• [WHAT YOU HAVE TO DO] Lower down are entries containing pictures. Copy exactly, without those pictures, the lines from the line with "Kuzco Lighting Inc" through the line with "Serrure de sécurité".

• [RECORDS FOR THIS EXERCISE]

※ ※ ※

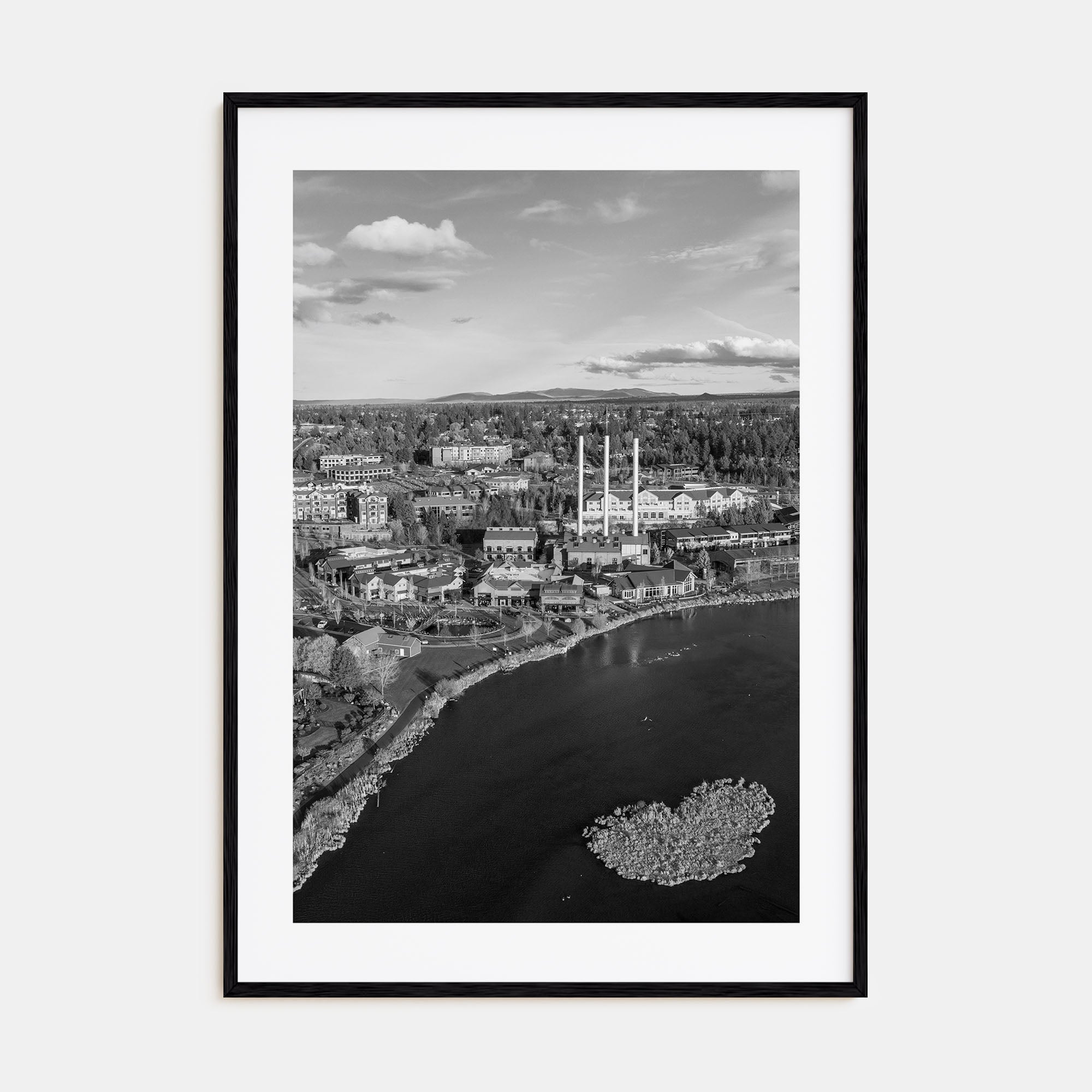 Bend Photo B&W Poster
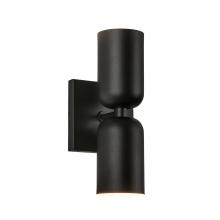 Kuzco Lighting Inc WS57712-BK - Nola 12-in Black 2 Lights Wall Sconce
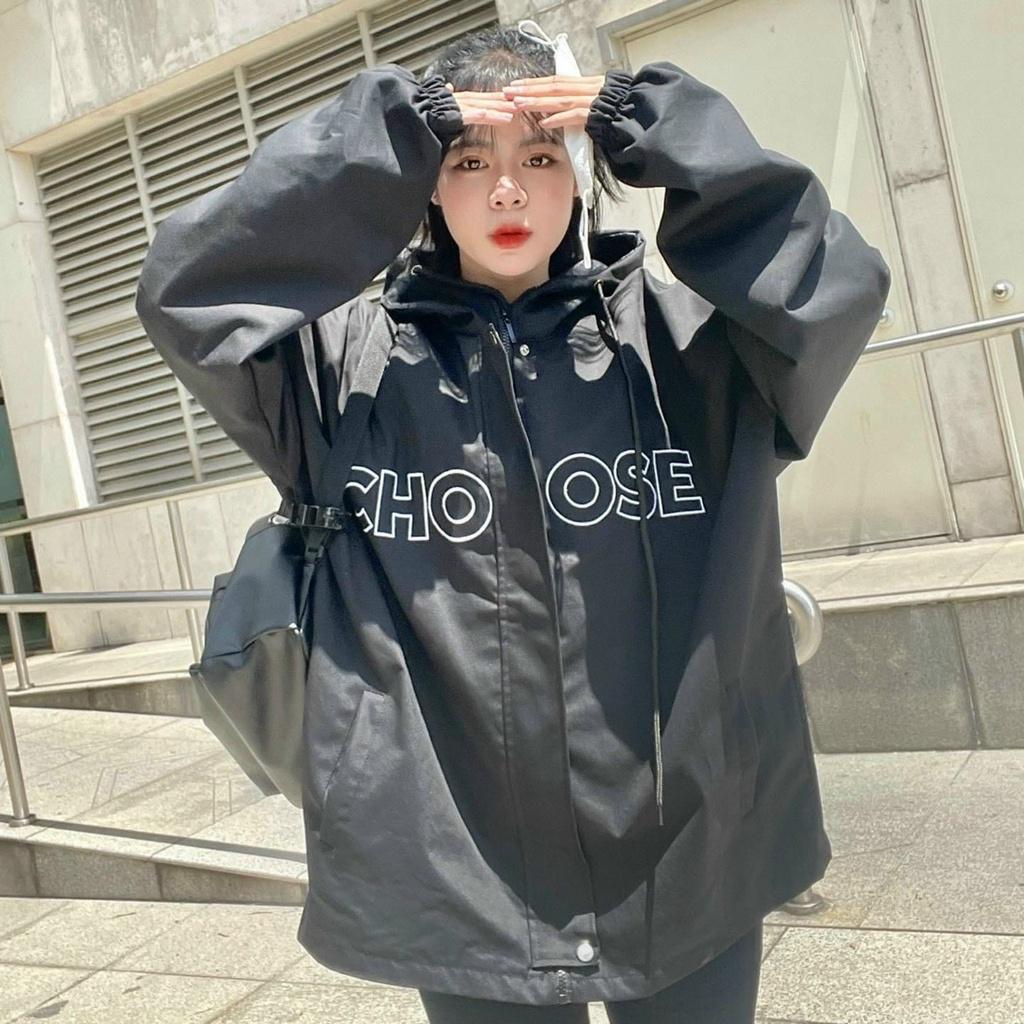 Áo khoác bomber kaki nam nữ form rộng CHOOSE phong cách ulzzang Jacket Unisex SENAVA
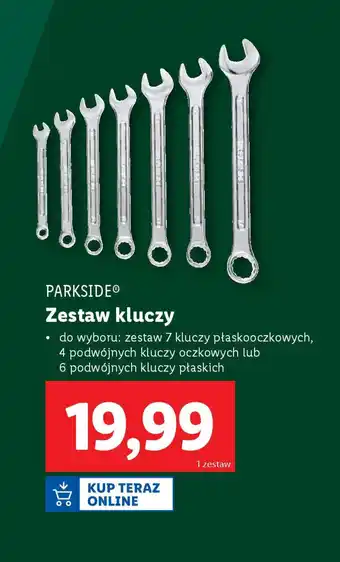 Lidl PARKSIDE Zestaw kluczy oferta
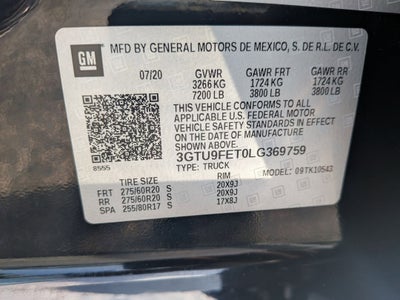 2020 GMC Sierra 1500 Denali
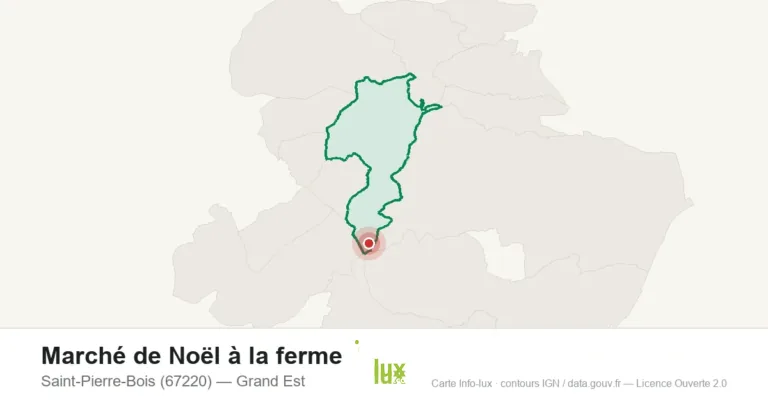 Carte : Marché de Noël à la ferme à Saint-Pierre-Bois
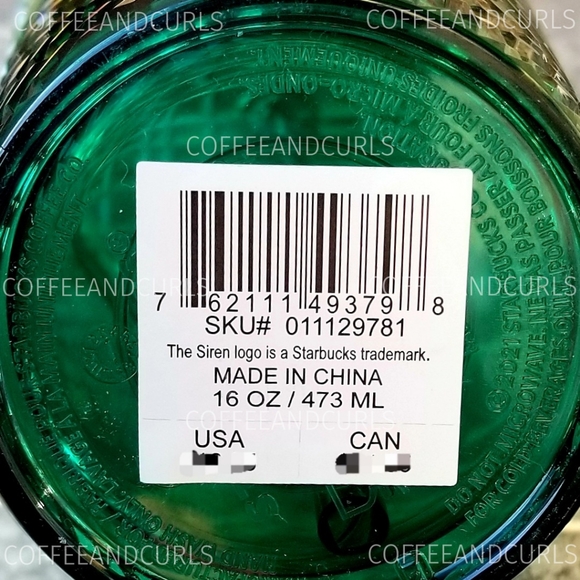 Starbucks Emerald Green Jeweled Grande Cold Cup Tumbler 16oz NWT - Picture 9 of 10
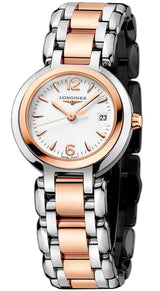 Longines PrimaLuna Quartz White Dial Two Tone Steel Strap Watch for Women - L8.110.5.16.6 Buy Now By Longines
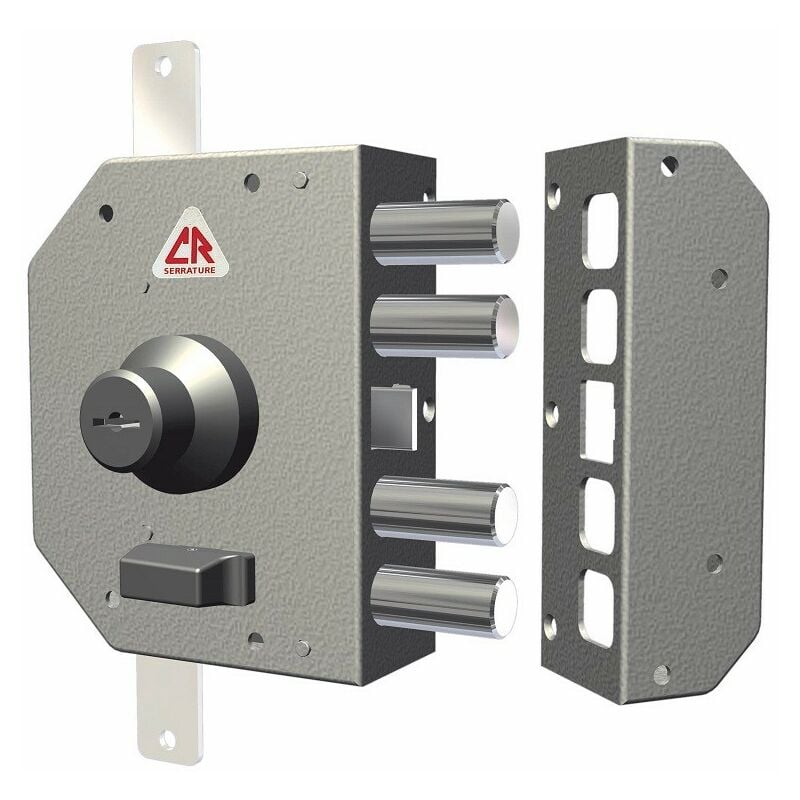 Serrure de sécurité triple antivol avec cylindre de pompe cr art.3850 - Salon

※ ※ ※

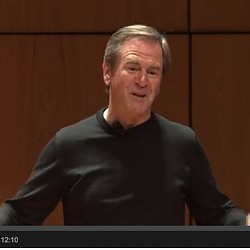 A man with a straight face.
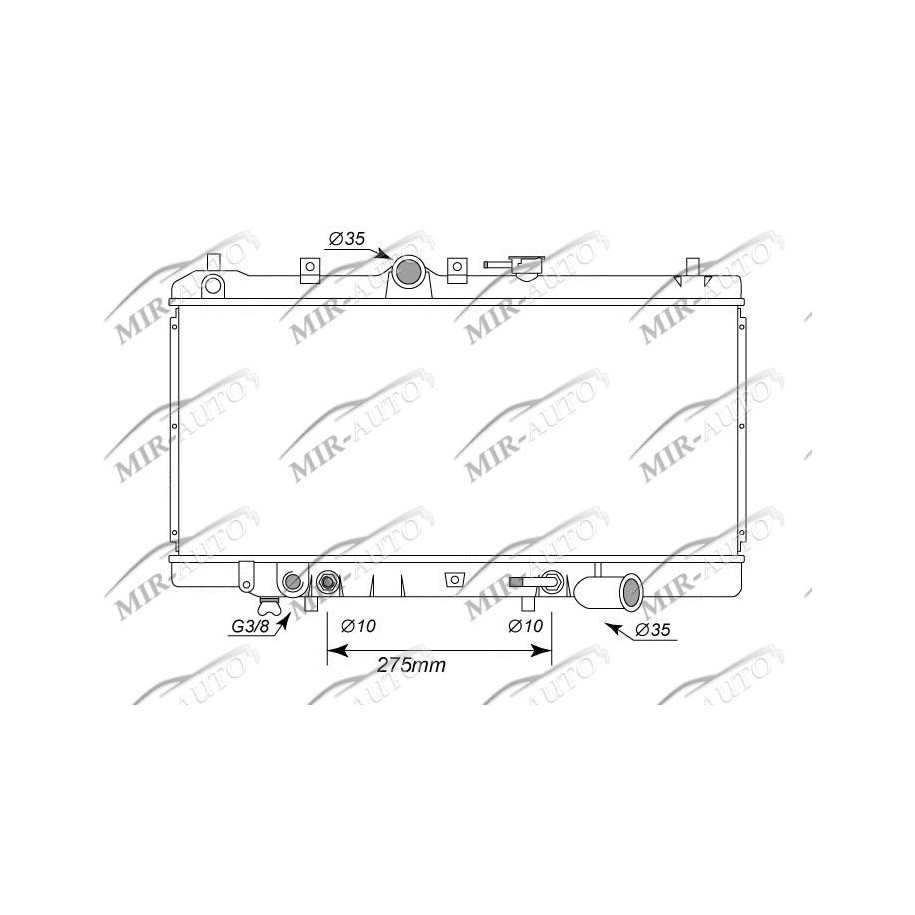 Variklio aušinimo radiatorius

※ ※ ※

• [SOLVED PROBLEM]
 Kuzco Lighting Inc WS57712-BK - Nola 12-in Black 2 Lights Wall Sconce
 Áo khoác bomber kaki nam nữ form rộng CHOOSE phong cách ulzzang Jacket Unisex SENAVA
 Lidl PARKSIDE Zestaw kluczy oferta
 2020 GMC Sierra 1500 Denali
 Carte : Marché de Noël à la ferme à Saint-Pierre-Bois
 Starbucks Emerald Green Jeweled Grande Cold Cup Tumbler 16oz NWT - Picture 9 of 10
 Longines PrimaLuna Quartz White Dial Two Tone Steel Strap Watch for Women - L8.110.5.16.6 Buy Now By Longines
 Serrure de sécurité triple antivol avec cylindre de pompe cr art.3850 - Salon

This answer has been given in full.